Bloomberg — Por décadas, o Mercado Central de Seul, com lojas acanhadas e barracas de comida, foi ponto de encontro de aposentados em busca de refeições, roupas e utensílios baratos.
Atualmente, eles disputam espaço com jovens descolados que frequentam restaurantes e cafés chiques. Chefs aspirantes e pequenos empresários — muitos dos quais optaram pela carreira solo após desistirem de empregos nos grandes conglomerados familiares da Coreia do Sul, como Samsung Electronics - estão por trás do aumento dos aluguéis e da transformação da região em campo de batalha entre gerações.
Os mais velhos argumentam que os jovens estão relativamente bem graças ao trabalho árduo e frugalidade daqueles que impulsionaram a ascensão do país após a guerra.
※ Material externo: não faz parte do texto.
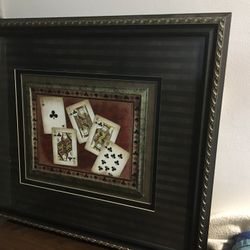 18x19.5” Gameroom Picture.  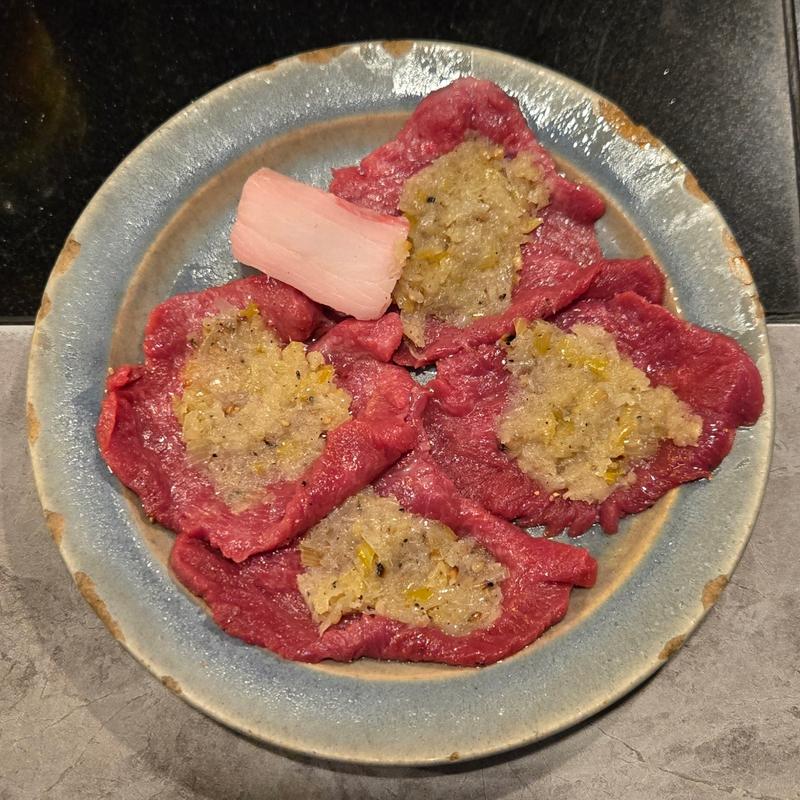 ネギタン(ホルモン 長岡)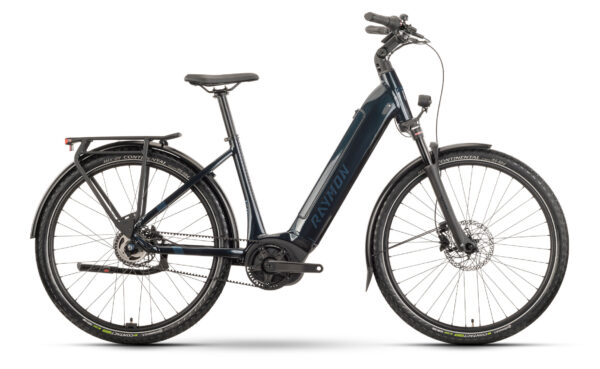 Raymon Metmo Pro FW Nebular Blue / Chrome 27,5" 600 Wh Wave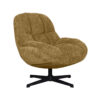 LABEL51 Fauteuil Huxley - Mustard - Elite - One Size - Afbeelding 3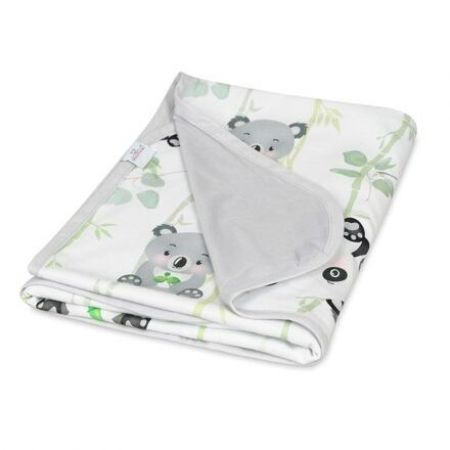 Oboustranná deka bambus a bavlna Baby Matex koala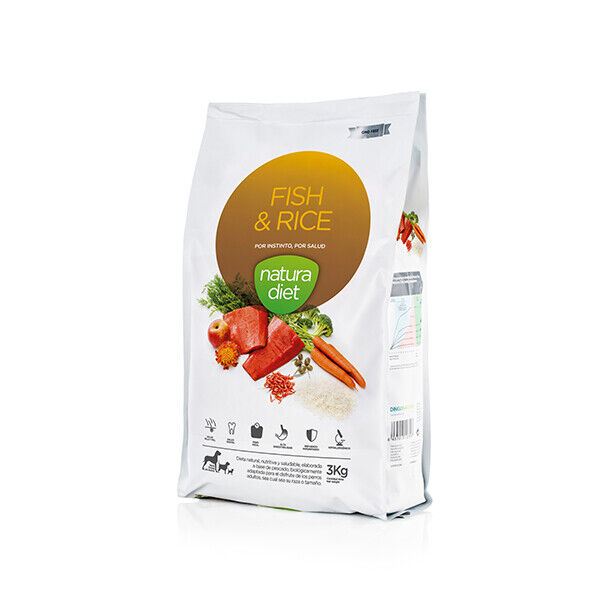 Natura Diet Fish & Rice 3 Kg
O outro lado culpa a geração anterior por tornar a casa própria um sonho impossível e colocar a sociedade em uma eterna disputa por poder e dinheiro, retratada em sucessos como a série “Round 6” e o filme “Parasita”, ganhador do Oscar.
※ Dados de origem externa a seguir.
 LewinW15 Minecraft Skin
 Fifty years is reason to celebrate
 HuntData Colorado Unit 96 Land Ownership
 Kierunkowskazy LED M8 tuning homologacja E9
A chamada geração MZ, formada pelos Millennials na casa dos 30 anos e a Geração Z com cerca de 20 anos, crê que as divisões sociais e econômicas estão piorando. Alguns MZs se consideram a “geração desistente” e chamam o país de “Inferno Joseon”, em referência à dinastia que reinou na península por meio milênio.
As lealdades tradicionais parecem estar se desgastando antes da eleição em março para substituir o presidente Moon Jae-in, de 68 anos. Seu mandato foi marcado por polêmicas diversas, incluindo o encarecimento dos aluguéis, o favoritismo institucionalizado, casos de assédio sexual de mulheres e serviço militar obrigatório para os homens. Tanto o Partido Democrata de esquerda de Moon quanto a oposição conservadora adotaram slogans populistas para conquistar os insatisfeitos.
A Coreia do Sul tem 16,7% da população vivendo na pobreza, a quarta maior taxa entre os 38 países integrantes da Organização para a Cooperação e Desenvolvimento Econômico (OCDE). A nação tem também a maior diferença salarial entre homens e mulheres, em 32,5%.
Os preços das residências na região metropolitana de Seul — onde vive metade da população de quase 52 milhões de habitantes — dobraram nos últimos cinco anos, se sobrepondo ao aumento de 20% nos salários. A taxa de desemprego geral está em cerca de 4%, porém é mais que o dobro disso para quem tem menos de 30 anos.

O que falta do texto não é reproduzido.